Heron's regulator, Drebbel's thermostat, and Watt's governor bestowed on their vessels a wisp of self-control, sensory awareness, and the awakening of anticipation. The governing system sensed its own attributes, noted if it had changed in a certain respect since it last looked, and if it had, it adjusted itself to conform to a goal. In the specific case of a thermostat, the tube of alcohol detected the system's temperature, and then took action or not to tweak the fire in order to align itself with the fixed goal of a certain temperature. It had, in a philosophical sense, a purpose.

Although it may strike us as obvious now, it took a long while for the world's best inventors to transpose even the simplest automatic circuit such as a feedback loop into the realm of electronics. The reason for the long delay was that from the moment of its discovery electricity was seen primarily as power and not as communication. The dawning distinction of the two-faced nature of the spark was acknowledged among leading German electrical engineers of the last century as the split between the techniques of strong current and the techniques of weak current. The amount of energy needed to send a signal is so astoundingly small that electricity had to be reimagined as something altogether different from power. In the camp of the wild-eyed German signalists, electricity was a sibling to the speaking mouth and the writing hand. The inventors (we would call them hackers now) of weak current technology brought forth perhaps the least precedented invention of all time -- the telegraph. With this device human communication rode on invisible particles of lightning. Our entire society was reimagined because of this wondrous miracle's descendants.

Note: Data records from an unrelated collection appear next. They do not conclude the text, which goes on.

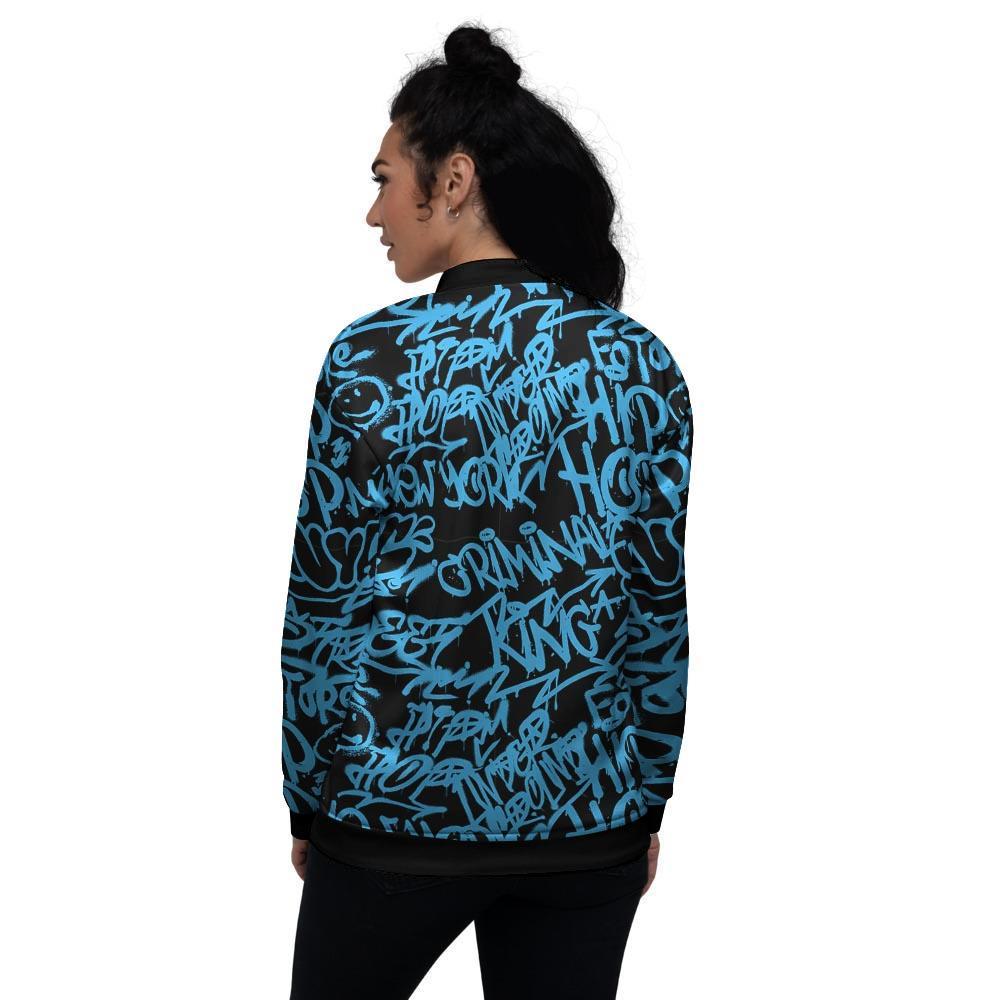 Hiphop Graffiti Blue Text Print Women's Bomber Jacket-grizzshop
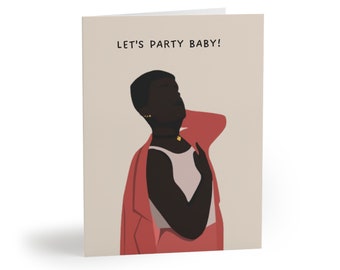 Let's Party Baby Cards in Crème (8 pcs)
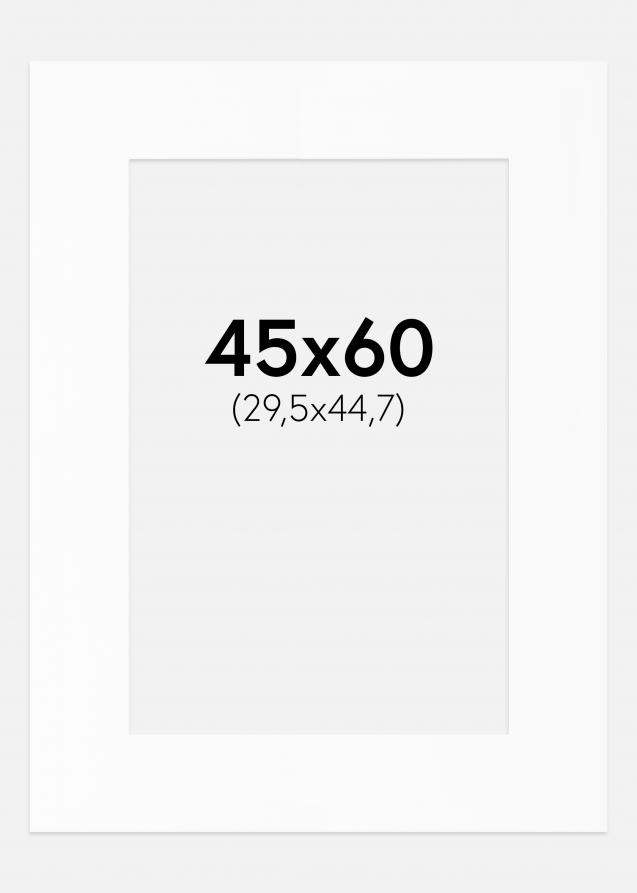 Passepartout Hvit Standard (Hvit kerne) 45x60 cm (29,48x44,72)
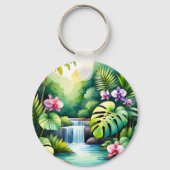 Tropisch Jungle Waterval Orchidee Paradijs Sleutelhanger (Achterkant)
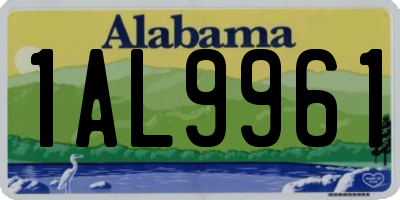 AL license plate 1AL9961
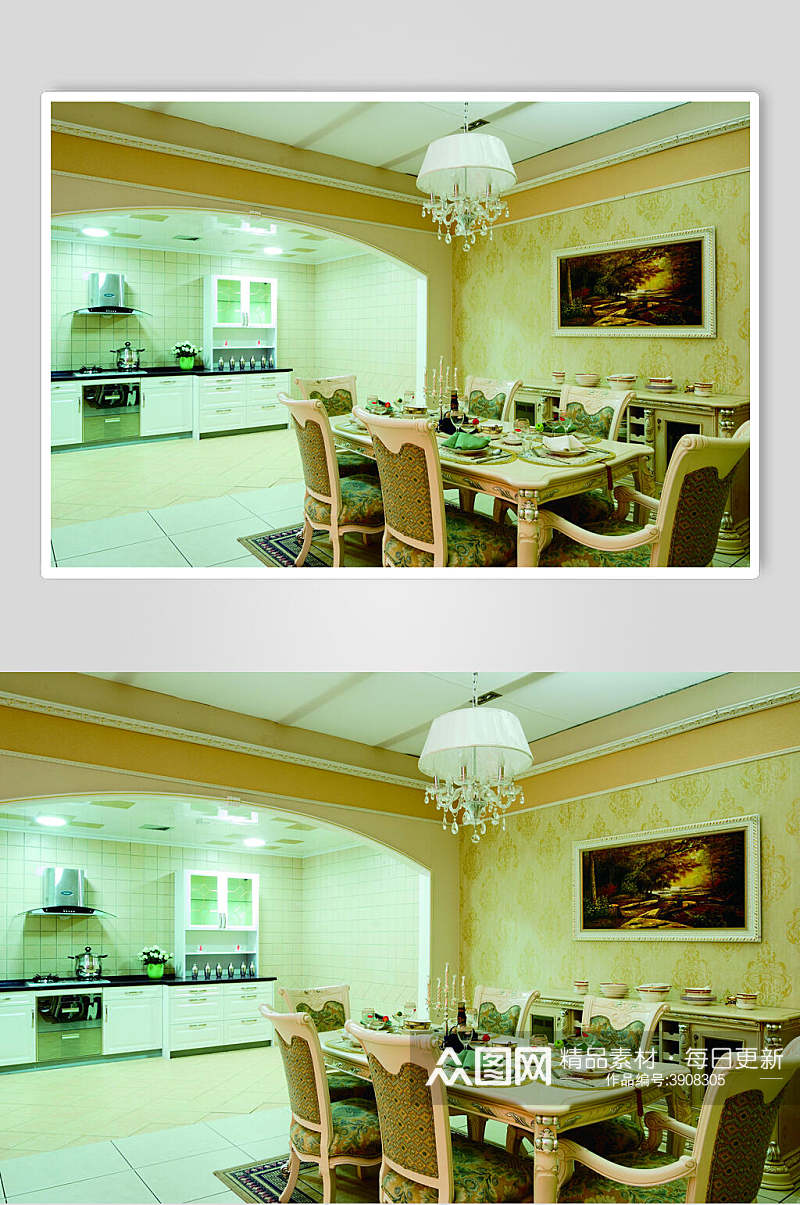 白色吊灯厨房餐厅法式别墅样板间图片素材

Telegraphers had the weak model of electricity firmly in mind, yet despite their clever innovations, it wasn't until August 1929, that telephone engineer H. S. Black, working at Bell Laboratories, tamed an electrical feedback loop. Black was hunting for a way to make durable amplifier relays for long-distance phone lines. Early amplifiers were made of crude materials that tended to disintegrate over use, causing the amp to "run away." Not only would an aging relay amplify the phone signal, it would mistakenly compound any tiny deviation from the range it expected until the mushrooming error filled and killed the system. What was needed was Heron's regula, a counter signal to rein in the chief signal, to dampen the effect of the perpetual recycling. Black came up with a negative feedback loop, which was designated negative in contrast to the snowballing positive loop of the amplifier. Conceptually, the electrical negative feedback loop is a toilet flusher or thermostat. This braking circuit keeps the amplifier honed in on a steady amplification in the same way a thermostat hones in on a steady temperature. But instead of metallic levers, a weak train of electrons talks to itself. Thus, in the byways of the telephone switching network, the first electrical self was born.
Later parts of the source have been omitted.